On Thu, 2009-10-15 at 13:01 +0300, Felipe Contreras wrote:
> On Thu, Oct 15, 2009 at 3:18 AM, René Stadler <mail at renestadler.de> wrote:
> > pl bossart wrote:
> >> That's not necessarily an option. There are 3rd party decoders out
> >> there whose code is not necessarily public. And fixing the decoders is
> >> somewhat odd when the real problem is the sink...
> >
> > The sink is not perfect, but the decoder situation also need work. Current
> > decoders chose the output buffer sizes themselves, and this is wrong. Yes
> > you could change the sink and stitch these buffers together using pad_alloc,
> > but the fact remains that the decoder picks the size and therefore decides
> > on the overhead up to the sink (and all processing elements between decoder
> > and sink).
> >
> > This became apparent to me when Felipe profiled OggVorbis playback with a
> > highly optimized decoder (ffmpeg). Basically the CPU spends an insane amount
> > of time pushing GStreamer buffers around compared the actual audio decoding.
> > And this on the N900, which shows exactly that the current situation is
> > complete nonsense for a battery-powered device.
> 
> Indeed. I profiled the audio pipeline and 30% of the time was spent on
> the decoder, the rest was spent pushing buffers around. When I
> increased the buffer sizes pushed by the decoder (128k) efficiency
> increases, now the time spent is 45%, but still, 55% CPU time spent
> pushing buffers around is unacceptable.

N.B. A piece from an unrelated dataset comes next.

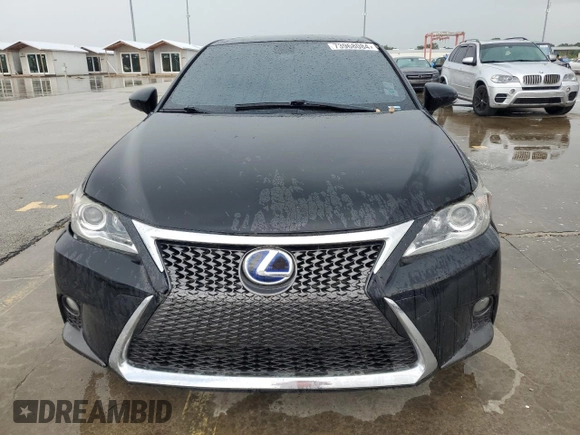 2016 Lexus CT 200h with VIN JTHKD5BH2G2260989, listed as a Copart auction lot 73968084 with Not Provided miles and Salvage Title. Bid and sale history available at DreamBid. Image 5.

It's now also possible to push multiple buffers at the same time by
using the buffer lists. I don't know if that solves anything here, I
guess it depends on the amount of encoded frames that a decoder
receives.

We could for example change the ogg demuxer to push all packets in a
page in a bufferlist and make the vorbisdecoder decode the complete list
before pushing the list of samples to the sink. This would reduce the
amount of objects that get pushed around between elements. 

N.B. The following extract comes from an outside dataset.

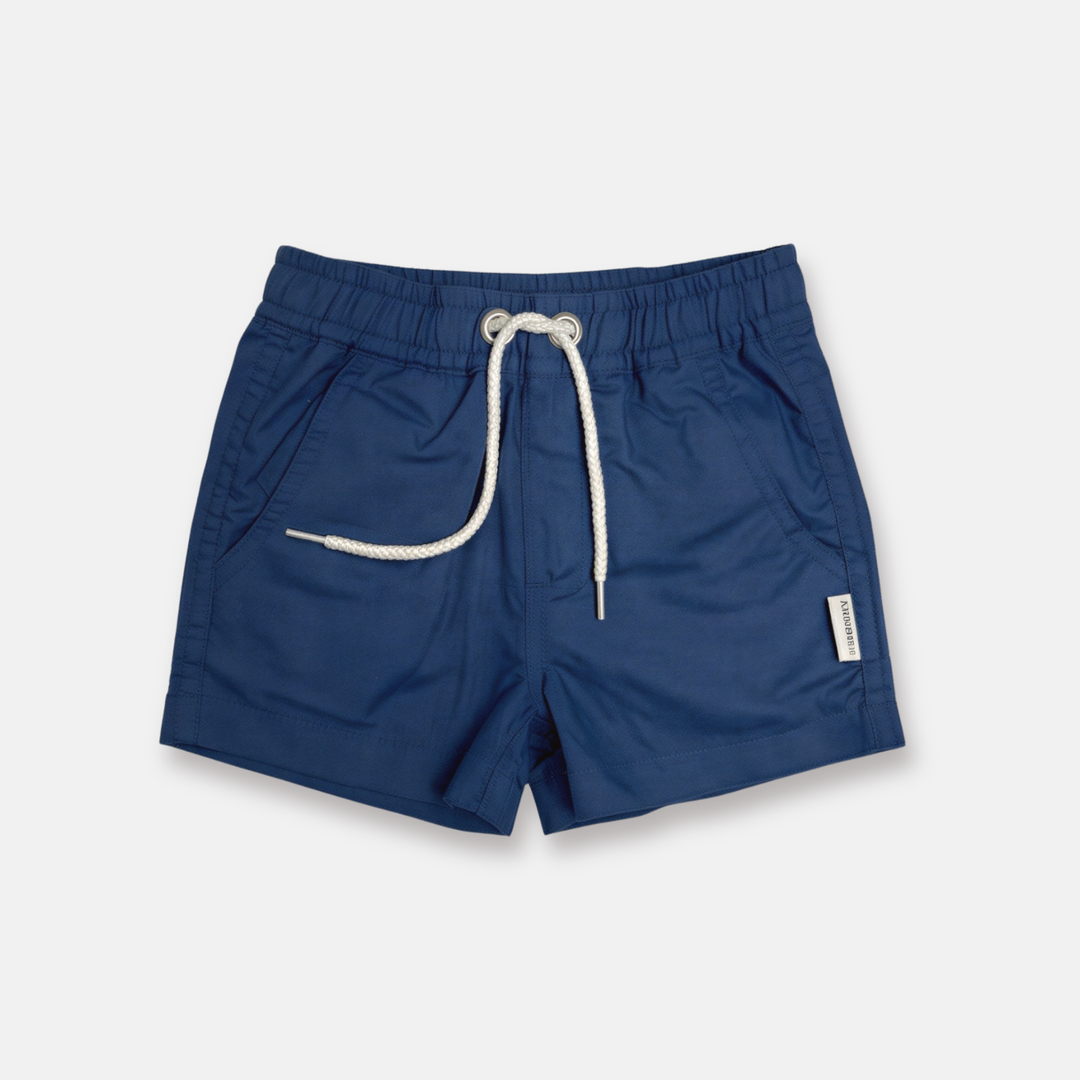 Baby Boys Sonny Short - Blue Linen 26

Also, pushing buffers should not be as expensive as 55%, I don't know
what's happening there, maybe the gobject allocation is what's slowing
it down (patches exist for glib) ? maybe the locking/refcounting is slow
(should be simple atomic operations on N900..)? maybe the typechecking
(also patches exist for glib)? It would be nice to know what's causing
this overhead in more detail.

With newer pulse we can't really use buffer_alloc to write directly into
the pulse shared memory from the decoder because there is no api to
allocate such a chunk, there is pa_stream_begin_write() but that can
only be called once AFAIK.

Wim

> 
> Profiling what happens on pulseaudio side is an exercise I haven't
> done yet, but as René said, my guess is that there's some ideal buffer
> size that pulseaudio would like to receive from the decoder that's big
> enough for GStreamer not to choke on it.
> 
> Removing the queue from the decoder to the sink would also help to
> avoid the unnecessary overhead of mutex contention, specially on small
> buffers.
> 
> Ideally I guess the sink should be able to receive small buffers
> without performance penalty, but currently that doesn't seem to be
> case.
> 
> Cheers.
>